• **WHAT THE EXERCISE ASKS**
Output the material exactly, keeping every line intact.

• **COLLECTED DATA**
"""
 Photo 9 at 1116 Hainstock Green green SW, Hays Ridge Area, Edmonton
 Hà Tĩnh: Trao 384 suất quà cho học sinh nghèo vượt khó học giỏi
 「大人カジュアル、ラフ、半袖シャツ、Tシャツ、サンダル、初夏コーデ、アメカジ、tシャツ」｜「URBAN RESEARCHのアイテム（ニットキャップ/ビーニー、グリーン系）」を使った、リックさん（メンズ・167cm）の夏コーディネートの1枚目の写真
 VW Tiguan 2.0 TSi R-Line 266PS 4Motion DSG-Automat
"""
• **OUTPUT FOR THIS EXERCISE**
 Photo 9 at 1116 Hainstock Green green SW, Hays Ridge Area, Edmonton
 Hà Tĩnh: Trao 384 suất quà cho học sinh nghèo vượt khó học giỏi
 「大人カジュアル、ラフ、半袖シャツ、Tシャツ、サンダル、初夏コーデ、アメカジ、tシャツ」｜「URBAN RESEARCHのアイテム（ニットキャップ/ビーニー、グリーン系）」を使った、リックさん（メンズ・167cm）の夏コーディネートの1枚目の写真
 VW Tiguan 2.0 TSi R-Line 266PS 4Motion DSG-Automat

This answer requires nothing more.